= Keith Angas =

Australian politician

Sir John Keith Angas (30 January 1900 – 13 April 1977) was a pastoralist in South Australia. He was born at Lindsay Park near Angaston. He was the fourth child of Charles Howard Angas and his wife Etty (née Dean), and a great-grandson of George Fife Angas.

Angas married Gwynnyth Fay Good, granddaughter of merchant Thomas Good, in 1924 and in 1928 inherited the Lindsay Park property where he bred sheep, horses and deer. He enlisted in the Australian Military Forces in 1939 and was posted to the 13th Field Brigade, Royal Australian Artillery. In 1942 he transferred to the Australian Imperial Force and joined the Royal Australian Army Service Corps as a captain and remained in the army until July 1944. He sold Lindsay Park to a group led by Colin Hayes in 1965.

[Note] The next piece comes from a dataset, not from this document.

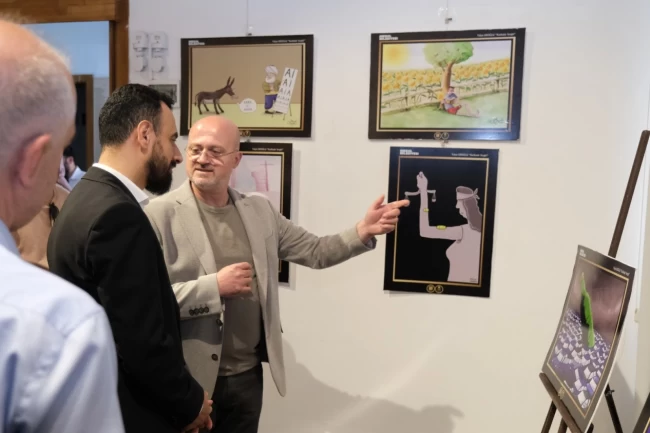 Yalçın Eroğlu'nun ödüllü karikatürleri Bursa İnegöl'de görücüye çıktı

Angas was involved in many significant South Australian organisations. He was president of the Liberal and Country League from 1947 to 1950; chairman of the Institute of Medical and Veterinary Science from 1952 to 1962; the South Australian Jockey Club, Graziers' Federal Council of Australia 1939 to 1940; Elder Smith & Co Ltd, Horwood Bagshaw Ltd.; Bagot's Executor and Trustee Company; president of the Royal Automobile Association of South Australia from 1973 to 1975.

Angas was conferred a Knight Bachelor in the 1952 Queens Birthday Honours list in recognition of service to the pastoral industry.